Bankalar Caddesi’nde Fransız asıllı Levanten Mimar Alexandre Vallaury’nin
tasarımı olan, 1892 yılında Merkez Bankası (Bank Imperiale Ottomane) olarak
hizmete açılan, Türkiye’de döneminin en önemli mimari yapıtlarından olan bina
bir süre önce tümüyle boşaltıldı, bütün bankacılık faaliyetlerinden arındırıldı.
Şimdi burası on bin metrekarelik bir kültür sanat merkezine dönüştürüyor.
Kültür merkezine dönüştürülecek ikinci yapı ise Beyoğlu’ndaki Platform
Garanti Güncel Sanat Merkezi… Burası da beş bin metrekare… Restorasyon
çalışmaları mimar Han Tümertekin tarafından yönetiliyor.

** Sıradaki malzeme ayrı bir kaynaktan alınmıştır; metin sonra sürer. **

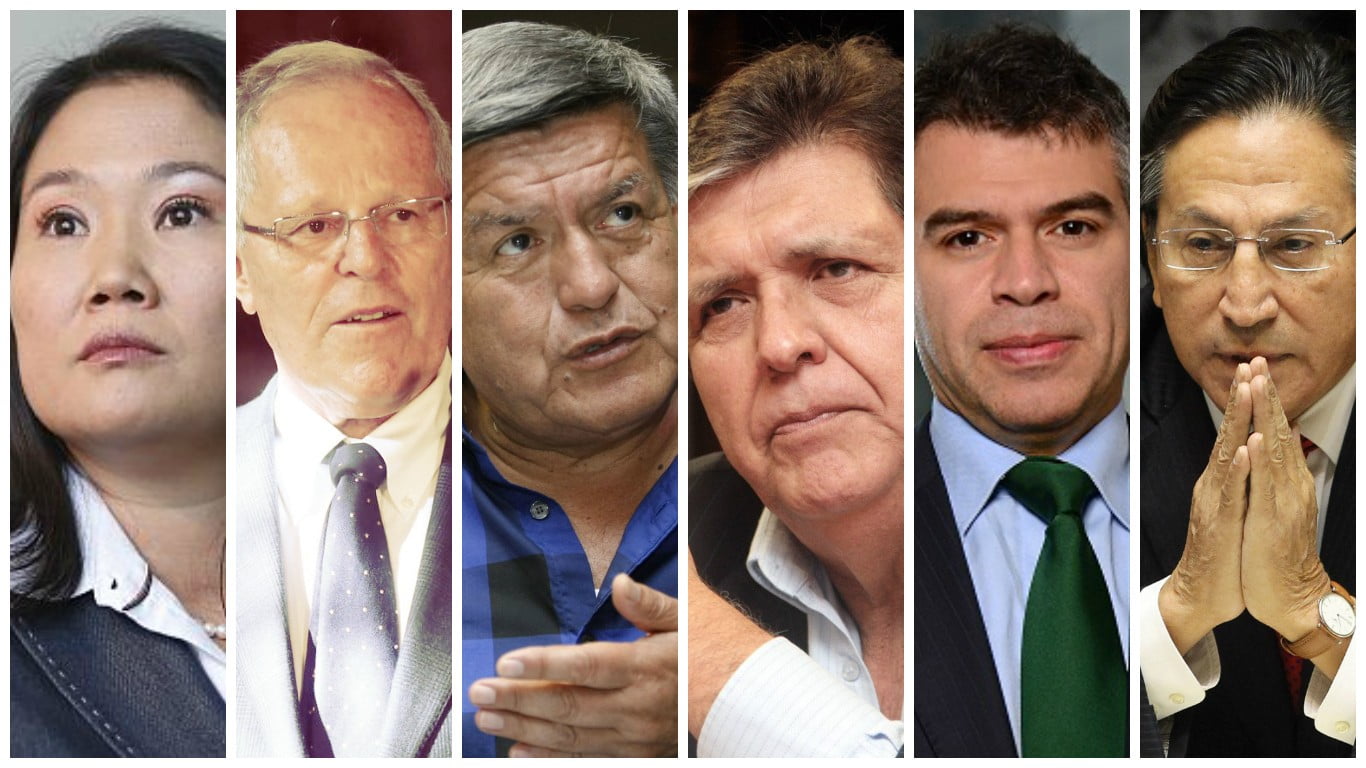 Candidatos a elecciones 2016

Hey! Yandaki merkez binası!
Galata binasını mimar Tümertekin, program direktörü Vasıf Kortun, Garanti
Bankası Genel Müdür Yardımcısı Nafiz Karadere ve Garanti Kültür Genel Yönetim
Direktörü Sima Benaroya eşliğinde dolaşırken şu bilgileri alıyorum:
Her iki yapının da özgün mimarisi ortaya çıkarılacak. Farklı işlevlere ama
sürekli ilişkiye sahip olacaklar.
Galata’dakinde 100 bin cilt kapasiteli bir kütüphane, açık ve kapalı
arşivler, çok sayıda seminer ve toplantı salonu, oditoryum, Osmanlı Bankası
Müzesi, sergi salonları yer alacak… Giriş holünde dijital teknoloji duvarıyla
sonsuz iletişim…
Beyoğlu’ndaki yapı ise yoğun insan trafiğini karşılayacak. Caddenin devamı
gibi. Burada aynı anda çeşitli sergiler açılabilecek. Hedefte ulusal ve
uluslararası etkinlikler var.
Gezim sona erip Bankalar Caddesi’ne çıktığımda karşımdaki görkemli dış
cepheye baktım ve EYVAH!
Bu ikiz binanın yarısında halen Merkez Bankası var. Düşünün bir yanı aslına
uygun biçimde yenilenmiş 100 yıllık görkemli bir yapı ve içinde çağdaş bir
kültür merkezi… Yanında kararmış yıpranmış bir banka! Merkez bankası da bir an
önce restorasyona karar vermeli ve burayı bir kültür kurumuna dönüştürmenin
yollarını aramalı.
Leonardo’dan sevgiler
1978’den beri Ankara’da hizmet veren Leonardo Sanat Galerisi İstanbul’da da
etkinliklere başlayalı meğer beş yıl olmuş! Orayı görmem için ve ben bu galeriyi
bunca zamandır görmemiştim! Gitmem için Mustafa Eren gibi sıkı bir grafiker, bin
yıllık bir dostun sergi açması gerekti…
Levent’te aynı zamanda atölye işlevi gören bahçe içindeki bu galeride,
Mustafa Eren’in hat sanatını Latin Harfleri’yle de yorumlayarak nelere
getirdiğini görün… 13 yaşında Denizli’de “tabelacı çıraklığıyla”, sonra İstanbul
Tatbiki Güzel Sanatlar Yüksek Okulu’nda yazı bölümünü seçen tek öğrenci olarak
başlayan bir serüven… “Sanat Dergisi”nin emektar çizeri Mustafa’ya “Güzel
sözler, güzel yazılmalı” dediği için de teşekkürler.